When it comes to accuracy and reliability, the Polar H10 sets the standard for chest-strap heart rate monitors. If you’re after maximum reliability for your BPM training stats, this is the one to go for. 

The Polar H10 weighs just 60 grams, including the strap. The sensor pod is small and slim and clips onto a nice, soft strap. The tracking pads and strap material offer a decent amount of flex and sit comfortably against the skin. The tracking part of the strap also moves with your body, minimising chafe risk and stopping it digging in.  

A quick release clip makes it easy to put on and take off – there’s no fiddling with hooks and clasps like you’ll find on Garmin straps. Small silicone studs around the back section also help it stay in place whatever you’re throwing yourself into.  

Polar H10 performance

This strap runs off a coin cell battery like the Garmin HRM-Pro Plus, so it’s not rechargeable. But you get 400 hours of training on a single battery. You can connect simultaneously to two Bluetooth devices and one ANT+ device.
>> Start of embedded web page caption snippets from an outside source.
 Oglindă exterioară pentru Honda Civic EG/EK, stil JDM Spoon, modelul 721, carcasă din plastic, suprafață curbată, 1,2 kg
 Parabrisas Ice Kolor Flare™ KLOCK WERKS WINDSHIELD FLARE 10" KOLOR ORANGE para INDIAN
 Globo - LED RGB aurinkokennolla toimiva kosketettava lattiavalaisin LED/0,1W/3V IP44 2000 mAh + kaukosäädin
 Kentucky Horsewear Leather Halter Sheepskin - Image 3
When we were testing the best heart rate monitors, connectivity was reliable with various watches from all brands, including Polar, Garmin and COROS, as well as iPhone apps and the Polar Beat training app.  

Onboard storage is limited to one workout. So unlike some heart rate monitors that store multiple workouts between syncs with a watch or app, the H10 doesn’t work as well as a standalone device.   
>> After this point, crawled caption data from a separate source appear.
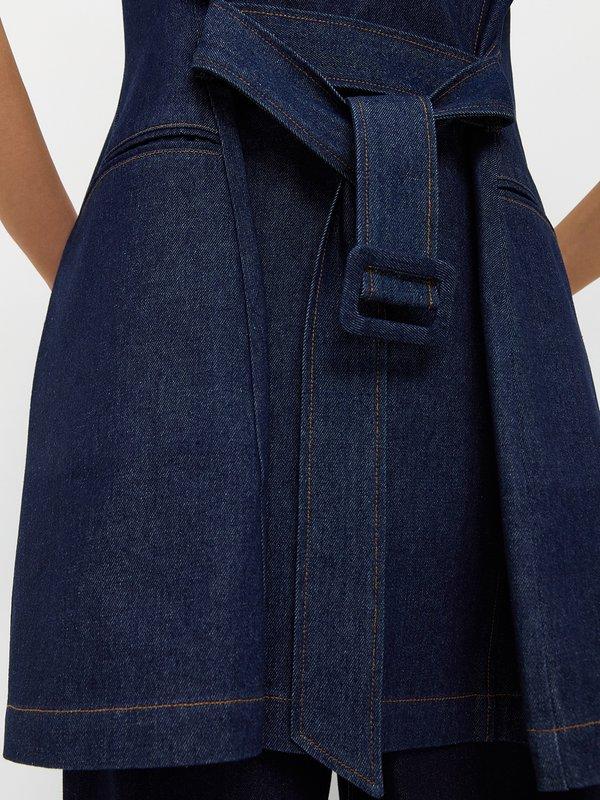 Pomelo Pomelo Belted Denim Dress - Blue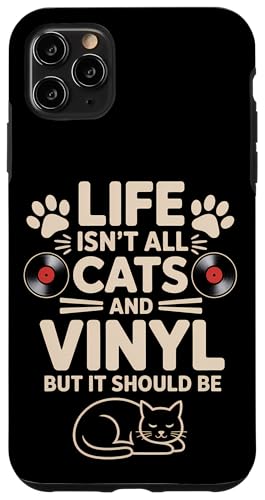 Cats And Vinyl Schallplatte Lustiges Vinyl Hülle für iPhone 11 Pro Max Cats And Vinyl Schallplatte Lustiges Vinyl Hülle für iPhone 11 Pro Max von Fun Vinyl Cool Vinyl And Cats Design
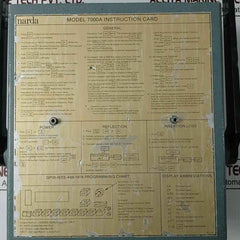 Narda 7000A-01 Microwave Multimeter Rev (H) 200V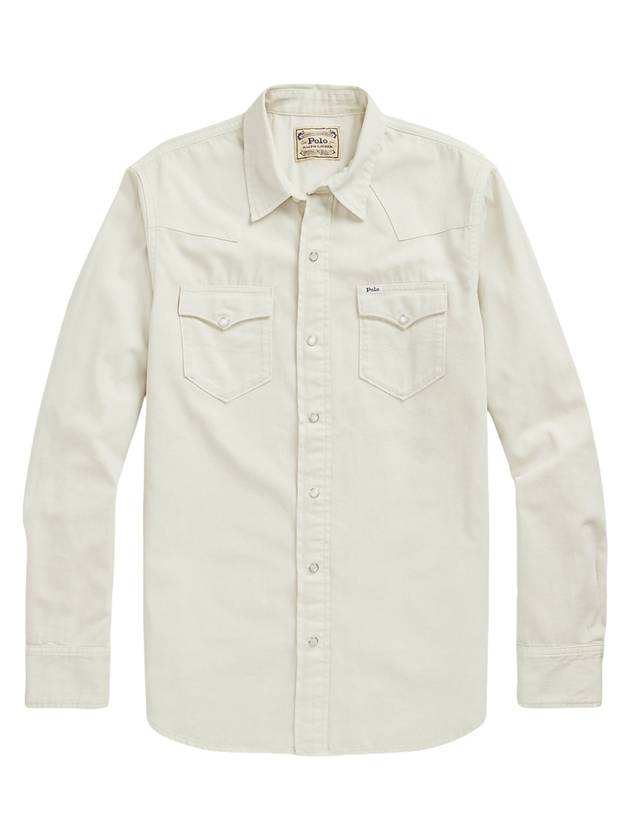 Classic Fit Denim Western Shirt Ivory - POLO RALPH LAUREN - BALAAN 1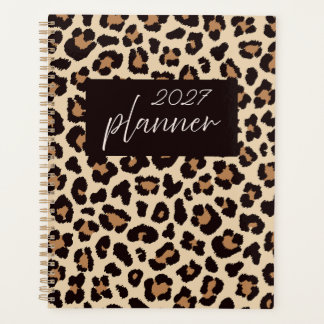 Schicker Leoparden-Druck 2027 Planer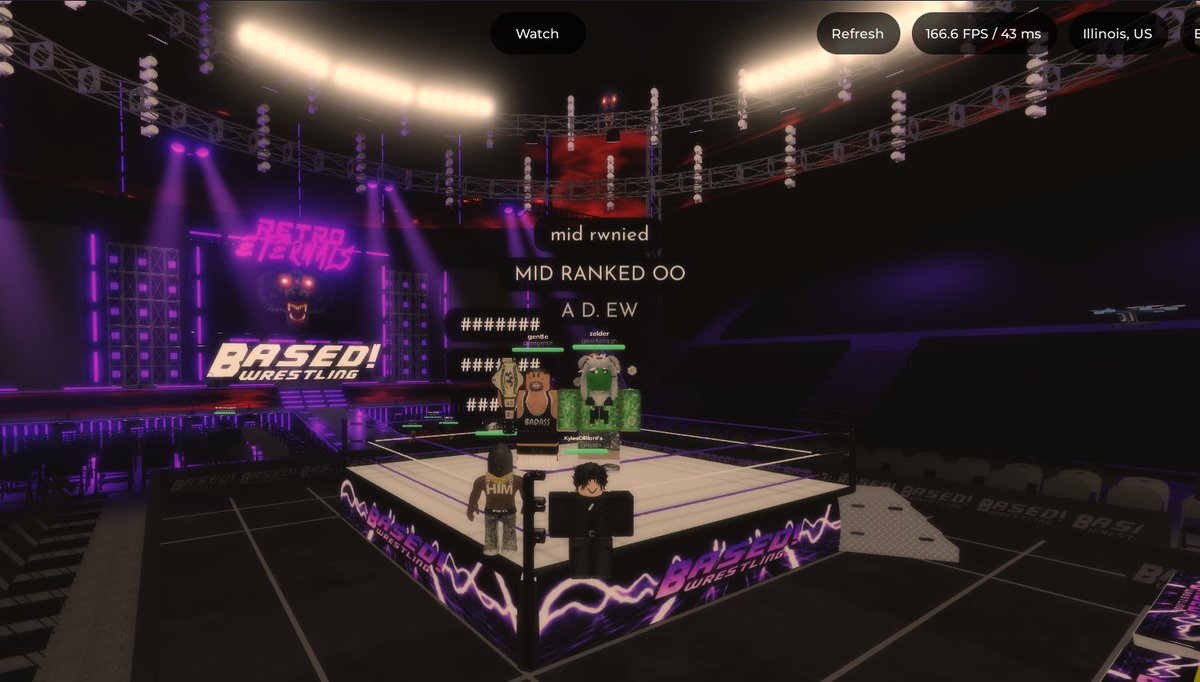 Roblox Wrestling Union tweet media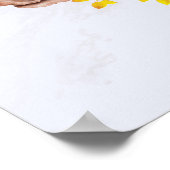 パーソナライズされた結婚式のウェルカムサイン ポスター (角)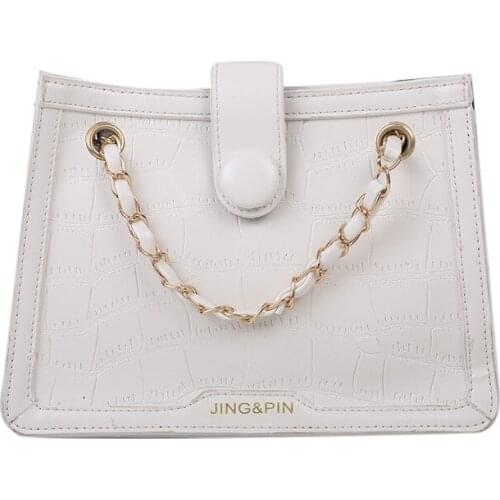 Womens Bags New Female Luxury Handbags Fashion All-match Retro Stone Pattern Chain Underarm Bag Womens Single Shoulder Bag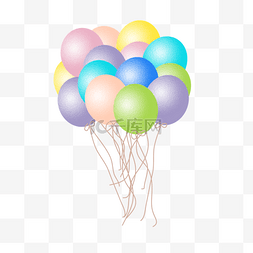 材料坚固图片_彩色气球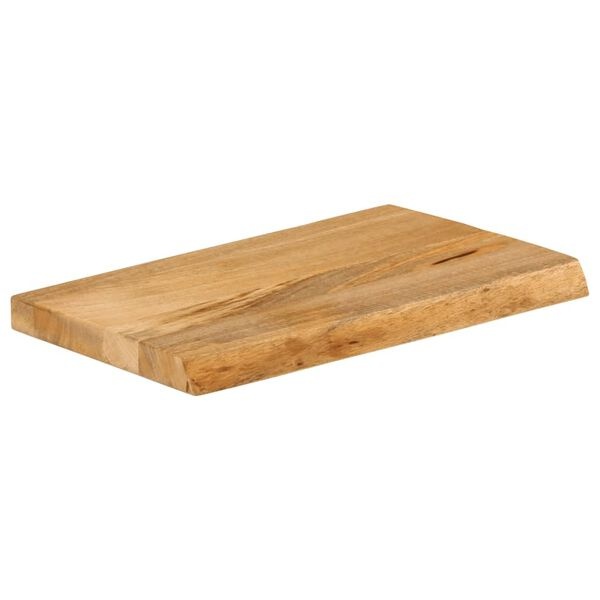VidaXL Tafelblad Mangohout - Natuurlijke Rand - 60x40cm - 29% Korting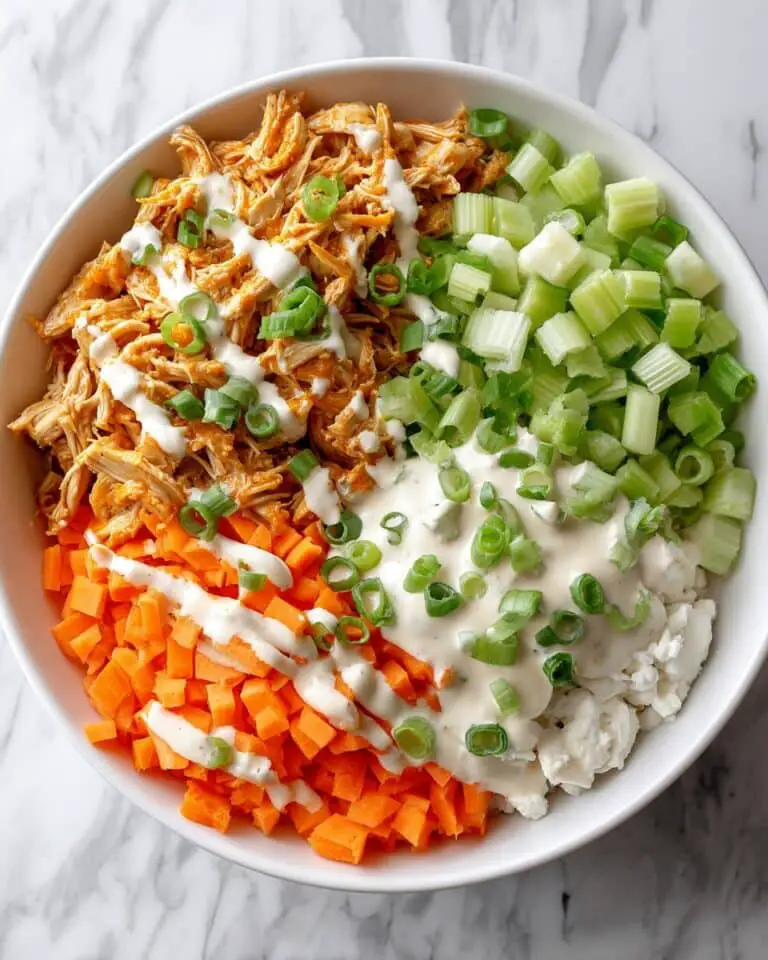Buffalo Chicken Cottage Cheese Bowl Recipe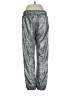 David Lerner 100% Polyester Metallic Silver Sweatpants Size S - photo 2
The H10 is waterproof to 30 metres, so it can be used in all kinds of wet conditions. However, accuracy in the water is not guaranteed, so it’s not the best option for swimming.

There are also no tracking extras with the Polar H10. If you want running form metrics, you might want to consider the Garmin HRM-Pro Plus. However, if you’re sticking to dry land, want accuracy, reliability and comfort and don’t care about bells and whistles like running dynamics, the Polar H10 represents good value.  So too does the Polar Verity Sense, which is a good arm-mounted alternative.